It is remarkable that previous studies on the credibility of the system do not mention divergent fiscal policies as a possible factor undermining the credibility of the ERM. According to some theoretical models, budget deficits may cause speculative attacks (e.g. Krugman, 1979). Some studies on exchange rate policies of individual countries report that government budget deficits help explain interest differentials (e.g. Caramazza, 1993; Knot and De Haan, 1995). In this paper it is argued that, apart from unemployment and inflation, budget deficits in member countries also affected the credibility of the ERM. In line with most previous research, credibility is measured by short- and long-term interest differentials vis-a-vis German rates. We have followed the suggestion of De Grauwe (1994) to focus on the credibility of the system. De Grauwe argues that movements of credibility of individual exchange rates are strongly correlated in practice and that econometric analysis of the credibility of individual exchange rates therefore fails to take into account the systematic nature of movements in credibility. Unlike De Grauwe, however, we employ quarterly data and, following Rose and Svensson (1994), employ a panel data approach. Whereas Rose and Svensson only use indicators for short-term credibility, we also employ long-term interest differentials. In comparison with De Grauwe we use a much wider set of variables that might affect the credibility of the ERM. To analyse short-term credibility, we employ both the unadjusted interest differential and the differential adjusted for movements of the exchange rate within the band.

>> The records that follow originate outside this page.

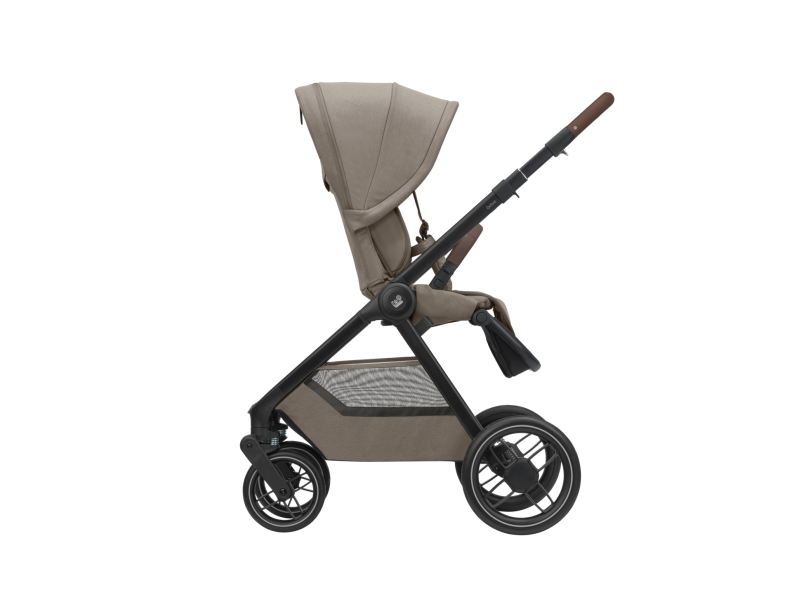 Maxi-Cosi Oxford Plus kočárek 2v1 Twillic Truffle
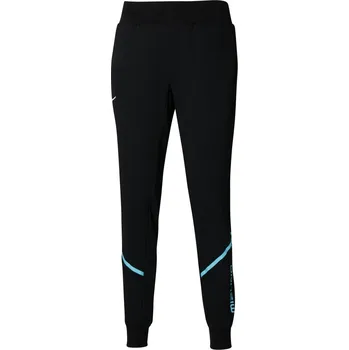 Běžecké oblečení Běžecké tepláky Mizuno Sweat pant K2GDA20109 Velikost textilu: M
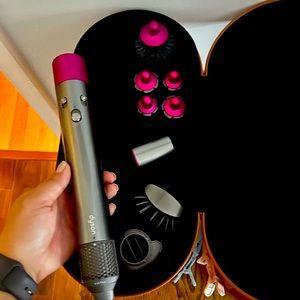 Dyson Airwrap Styler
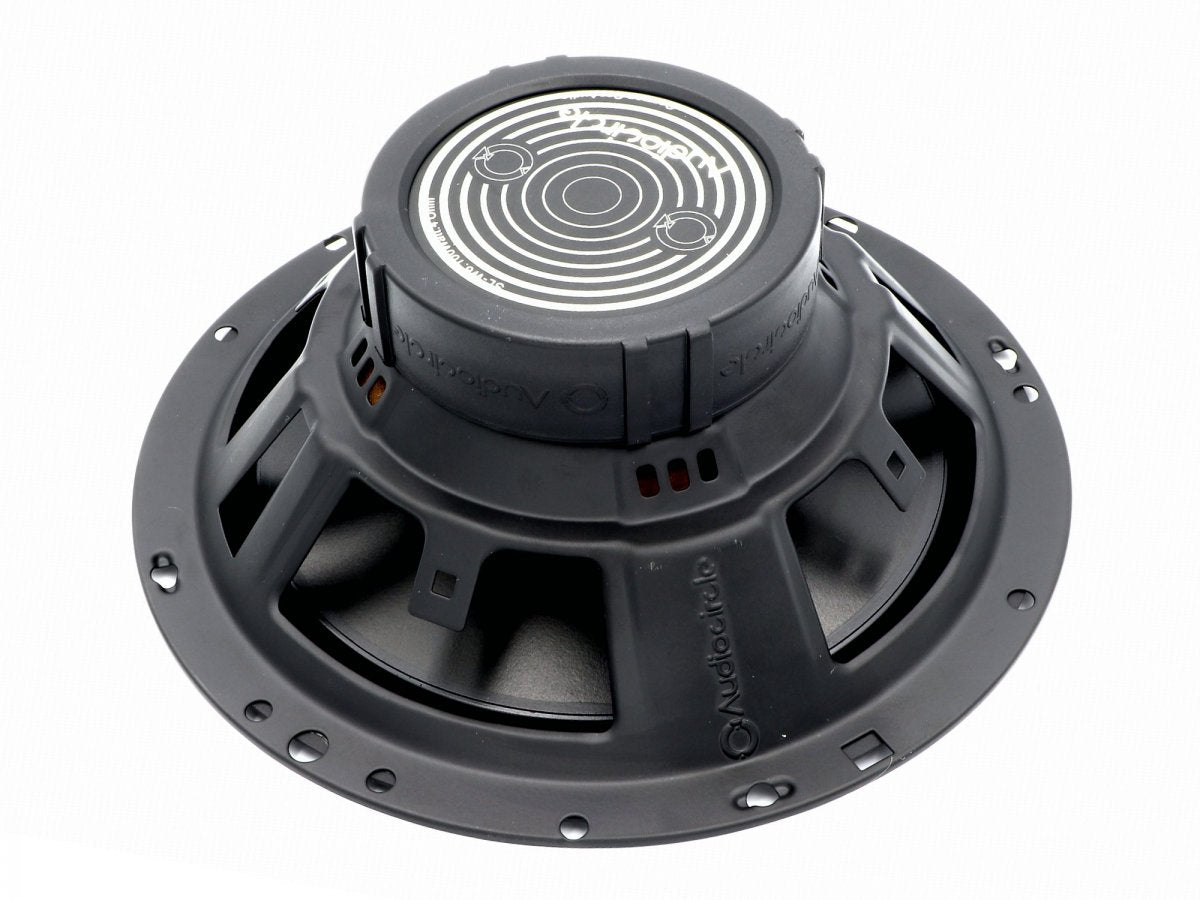 AudioCircle SL-C6.2 6.5″  Stuttgart Line 2-Way Component Set 120W Speakers
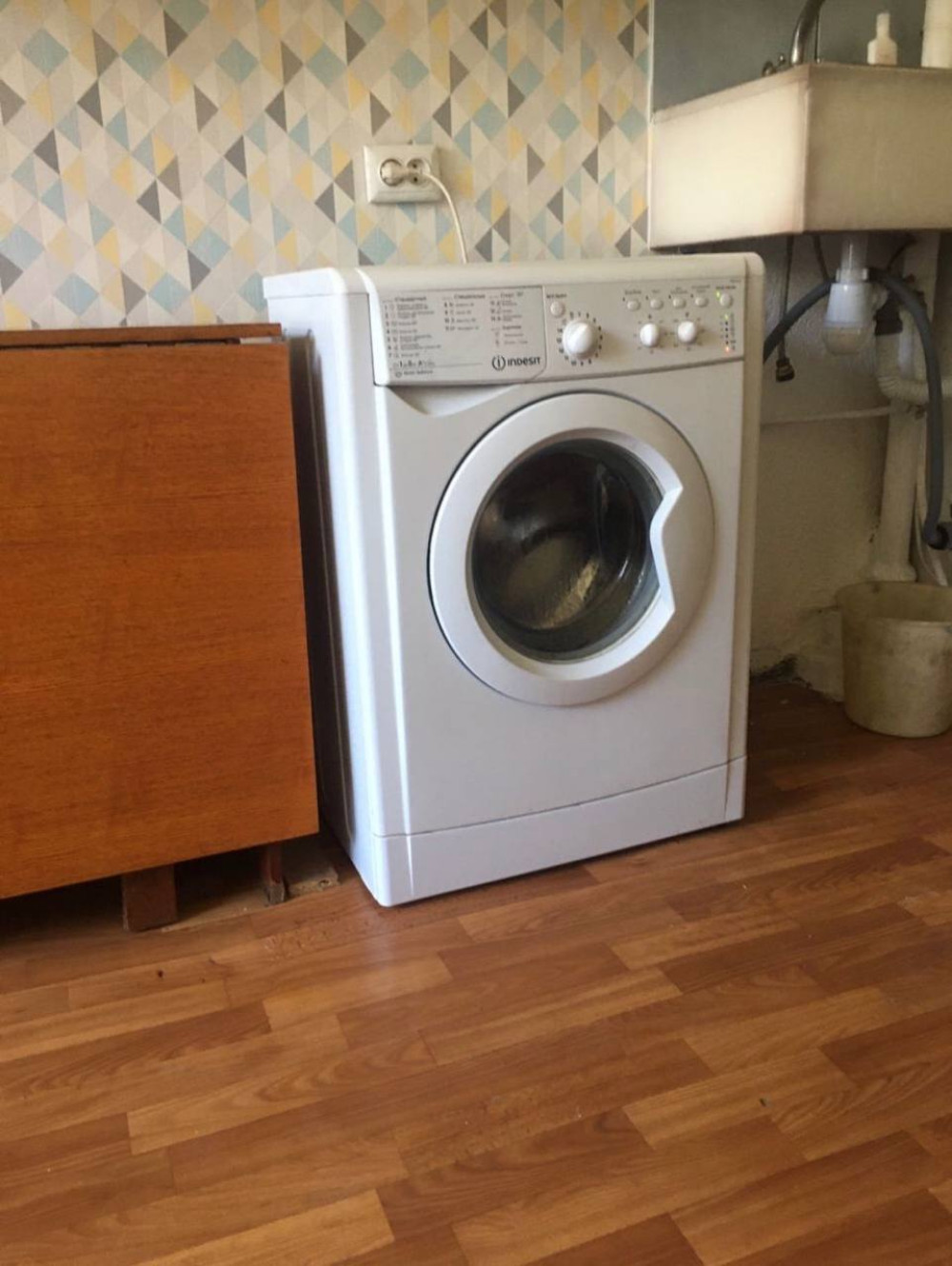 Квартира на ул. Люстдорфская дорога (Таирова), 27 м², 8 800$ — FAKTOR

The paper is organised as follows. Section 2 briefly reviews the relevant literature. After a brief discussion of the model and our data in the third section, we present empirical results in Section 4. Finally, Section 5 offers some concluding comments.

2. Theoretical background: review of the literature

Within a target zone, interest differentials vis-a-vis an anchor country can roughly be subdivided in three explanatory pieces: devaluation expectations, expected movements of the exchange rate within the band, and country-specific risk premia (see Knot and De Haan, 1995, for a derivation from first principles). From the target zone model it can be inferred that all three components must ultimately be determined by (the expected trend in) fundamentals. The interpretation of the concept of fundamentals depends on the specific model of exchange rate determination one has in mind. Available theoretical models are inconclusive as to what these fundamentals are, so they can be suggestive at best. For example, in an 'escape-clause' model like that of Giovannini (1990), or in a 'projection-equation' approach as in Chen and Giovannini (1993), any variable will do, provided only that it appears in the central bank's reaction function or in the market participants' information set, respectively. Instead of resorting to a particular model, we take an eclectic (and pragmatic) attitude towards the selection of potential determinants of interest differentials. The objective then is to find proxies that cover a broad spectrum of fundamentals and that capture the essence of expected exchange rate changes, within the band or of the central parity. The set of possible determinants should also include certain policy variables that aim to measure intervention activities on the part of the monetary authorities, like reserve positions.

In order to select additional explanatory variables we consider various models of speculative attacks and subsequent balance-of-payments crises. Krugman's (1979) model, for example, assumes that an exogenous government budget deficit lays at the root of the crisis. Expansionary fiscal policy is financed by domestic credit.(3) According to this model the monetary authorities are prepared to defend the exchange rate peg until reserves reach a pre-specified lower bound. As investors permanently rebalance their portfolios, some of the additional domestic assets will be exchanged for foreign reserves of the central bank. So it becomes inevitable that eventually reserves approach their lower limit. It is straightforward to extend the model to a (semi) small country setting by relaxing the assumption of purchasing power parity (Goldberg, 1991, 1994). In that case a shift to more expansionary fiscal policies will increase the demand for domestic goods, driving up their price level and leading to a real exchange rate appreciation and a decline in competitiveness. The empirical implication of these first generation speculative attack models, then, is that one should observe expansionary fiscal and monetary policies, and/or real exchange rate appreciation prior to a switch in regime, which may consist of a simple devaluation or a move towards a floating exchange rates system.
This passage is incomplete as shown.